Perché sei andata in India prima e ti sei trasferita poi in Danimarca?
Semplicemente perché stata costretta a farlo. Temevo per la mia incolumità e per quella della mia famiglia. 

Adesso che hai smesso di giocare di cosa ti occupi?
Ho appeso le scarpe al chiodo solo come professionista, chiaramente continuo a divertirmi con i miei amici, anche perché la soddisfazione di poter solo scendere in campo e godere del diritto di farlo, mi fa sentire libera. Oggi ho fondato la mia organizzazione, “Girl Power Organization”, con la quale programmo attività ed eventi per immigrati e rifugiati. Sono anche Direttrice di “Goal 2016”, un progetto della Federazione Afgana del calcio femminile e collaboro anche con “Hummel”, lo sponsor tecnico delle maglie della Nazionale. 

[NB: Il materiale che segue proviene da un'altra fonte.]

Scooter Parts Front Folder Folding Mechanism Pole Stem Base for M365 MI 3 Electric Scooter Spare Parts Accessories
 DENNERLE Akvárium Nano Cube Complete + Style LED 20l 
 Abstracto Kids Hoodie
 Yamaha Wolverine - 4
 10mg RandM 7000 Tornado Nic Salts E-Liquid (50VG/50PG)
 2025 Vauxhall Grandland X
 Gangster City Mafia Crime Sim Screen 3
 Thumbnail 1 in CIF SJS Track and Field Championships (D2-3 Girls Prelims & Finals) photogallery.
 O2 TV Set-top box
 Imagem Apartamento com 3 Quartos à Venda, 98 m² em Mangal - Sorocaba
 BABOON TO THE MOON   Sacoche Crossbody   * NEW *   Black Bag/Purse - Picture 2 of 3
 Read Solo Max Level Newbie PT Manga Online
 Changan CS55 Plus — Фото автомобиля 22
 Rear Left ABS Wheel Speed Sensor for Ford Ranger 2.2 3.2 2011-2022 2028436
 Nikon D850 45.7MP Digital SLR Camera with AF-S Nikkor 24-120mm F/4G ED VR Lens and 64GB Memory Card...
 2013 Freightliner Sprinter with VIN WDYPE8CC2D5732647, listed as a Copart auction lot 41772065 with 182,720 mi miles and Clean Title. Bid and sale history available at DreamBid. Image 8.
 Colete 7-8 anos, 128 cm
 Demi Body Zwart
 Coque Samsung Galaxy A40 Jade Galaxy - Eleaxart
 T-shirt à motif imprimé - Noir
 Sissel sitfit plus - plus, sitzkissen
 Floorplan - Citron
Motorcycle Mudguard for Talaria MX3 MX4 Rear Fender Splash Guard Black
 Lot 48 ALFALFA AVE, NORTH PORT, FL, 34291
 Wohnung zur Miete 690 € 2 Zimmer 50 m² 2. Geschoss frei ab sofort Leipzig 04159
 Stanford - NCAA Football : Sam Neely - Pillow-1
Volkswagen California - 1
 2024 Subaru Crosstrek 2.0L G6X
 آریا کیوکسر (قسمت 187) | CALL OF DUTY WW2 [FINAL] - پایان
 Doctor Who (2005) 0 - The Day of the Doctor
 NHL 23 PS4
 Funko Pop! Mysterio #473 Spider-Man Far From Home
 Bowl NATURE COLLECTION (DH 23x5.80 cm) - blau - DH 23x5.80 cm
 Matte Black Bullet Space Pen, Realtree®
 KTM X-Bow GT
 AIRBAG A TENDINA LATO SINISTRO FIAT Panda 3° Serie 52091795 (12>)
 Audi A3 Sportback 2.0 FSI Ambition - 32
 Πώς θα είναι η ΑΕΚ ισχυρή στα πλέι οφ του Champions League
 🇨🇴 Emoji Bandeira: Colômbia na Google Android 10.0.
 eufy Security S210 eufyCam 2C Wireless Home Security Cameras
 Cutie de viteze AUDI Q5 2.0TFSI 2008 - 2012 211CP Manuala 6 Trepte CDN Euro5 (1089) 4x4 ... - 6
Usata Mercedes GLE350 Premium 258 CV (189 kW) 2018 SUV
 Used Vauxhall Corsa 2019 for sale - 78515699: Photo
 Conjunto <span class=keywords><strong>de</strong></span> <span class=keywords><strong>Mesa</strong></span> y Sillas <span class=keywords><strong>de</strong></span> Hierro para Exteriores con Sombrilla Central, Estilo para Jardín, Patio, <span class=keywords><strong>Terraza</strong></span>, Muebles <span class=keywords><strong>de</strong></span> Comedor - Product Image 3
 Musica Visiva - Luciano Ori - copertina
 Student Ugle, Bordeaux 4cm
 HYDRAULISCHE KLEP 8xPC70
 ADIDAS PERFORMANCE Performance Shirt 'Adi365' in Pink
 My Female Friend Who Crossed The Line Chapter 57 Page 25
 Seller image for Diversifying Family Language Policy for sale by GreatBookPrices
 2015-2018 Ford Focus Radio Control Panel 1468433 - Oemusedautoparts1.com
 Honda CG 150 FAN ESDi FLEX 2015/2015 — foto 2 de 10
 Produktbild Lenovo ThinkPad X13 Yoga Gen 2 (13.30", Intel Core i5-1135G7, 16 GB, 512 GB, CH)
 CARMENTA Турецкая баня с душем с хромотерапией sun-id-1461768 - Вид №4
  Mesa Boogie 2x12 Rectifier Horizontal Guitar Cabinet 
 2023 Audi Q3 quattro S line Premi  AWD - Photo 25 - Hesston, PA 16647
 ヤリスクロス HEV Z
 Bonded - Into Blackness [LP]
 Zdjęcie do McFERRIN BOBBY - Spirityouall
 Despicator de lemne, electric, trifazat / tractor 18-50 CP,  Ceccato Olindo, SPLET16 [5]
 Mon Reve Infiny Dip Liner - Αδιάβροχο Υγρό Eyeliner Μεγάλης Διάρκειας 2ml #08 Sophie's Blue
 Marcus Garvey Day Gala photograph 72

Qual è il tuo sogno nel mondo del calcio?
Che le donne possano giocare libere, senza paura o pressioni, come me. E sarebbe bello che un giorno la stessa ammirazione e lo stesso rispetto che hanno i calciatori professionisti venga indirizzato anche verso le giocatrici femmine. Quando secondo te in Afghanistan la situazione cambierà in modo definitivo? Probabilmente servono ancora 30 anni e una nuova generazione per questo. E intanto io lavorerò il più duramente possibile per dare alle donne in giro per il mondo la possibilità di realizzare i propri sogni.